§ Work instructions:
Output all of the data exactly as it appears, but leave out any pictures it contains.

§ Dataset extract:
=== Section Start ===

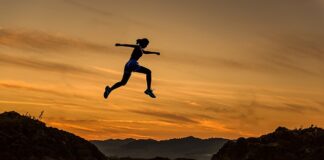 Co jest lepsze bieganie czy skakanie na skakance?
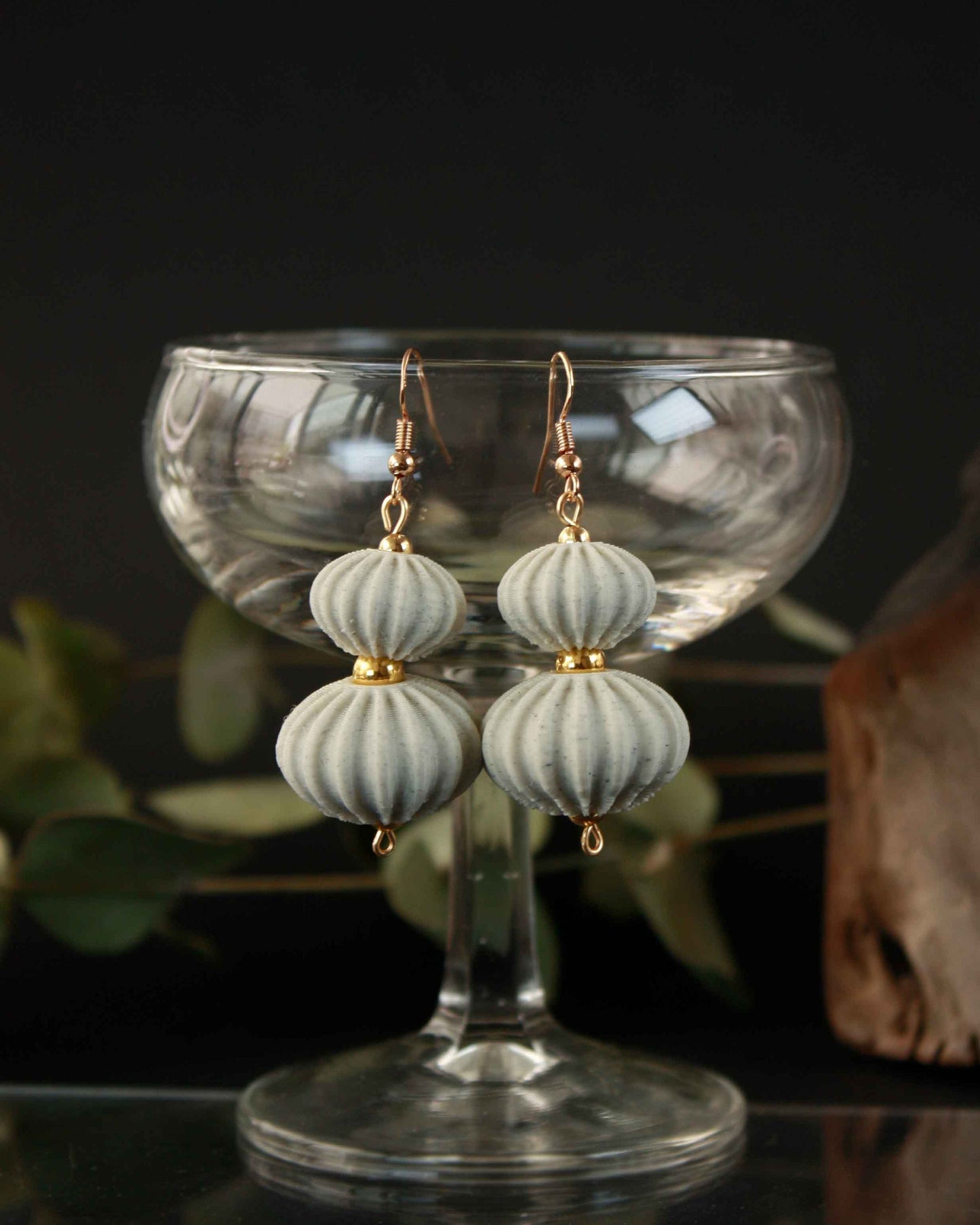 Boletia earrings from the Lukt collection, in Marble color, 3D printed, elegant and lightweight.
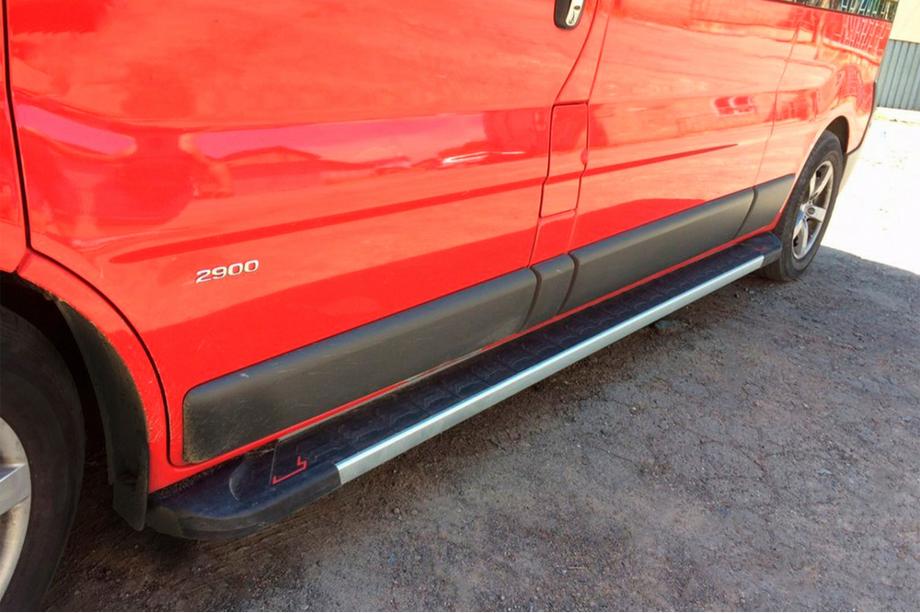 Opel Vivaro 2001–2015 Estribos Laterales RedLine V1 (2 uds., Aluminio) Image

=== Section End ===

§ Your solution:
 Co jest lepsze bieganie czy skakanie na skakance?
 Boletia earrings from the Lukt collection, in Marble color, 3D printed, elegant and lightweight.
 Opel Vivaro 2001–2015 Estribos Laterales RedLine V1 (2 uds., Aluminio) Image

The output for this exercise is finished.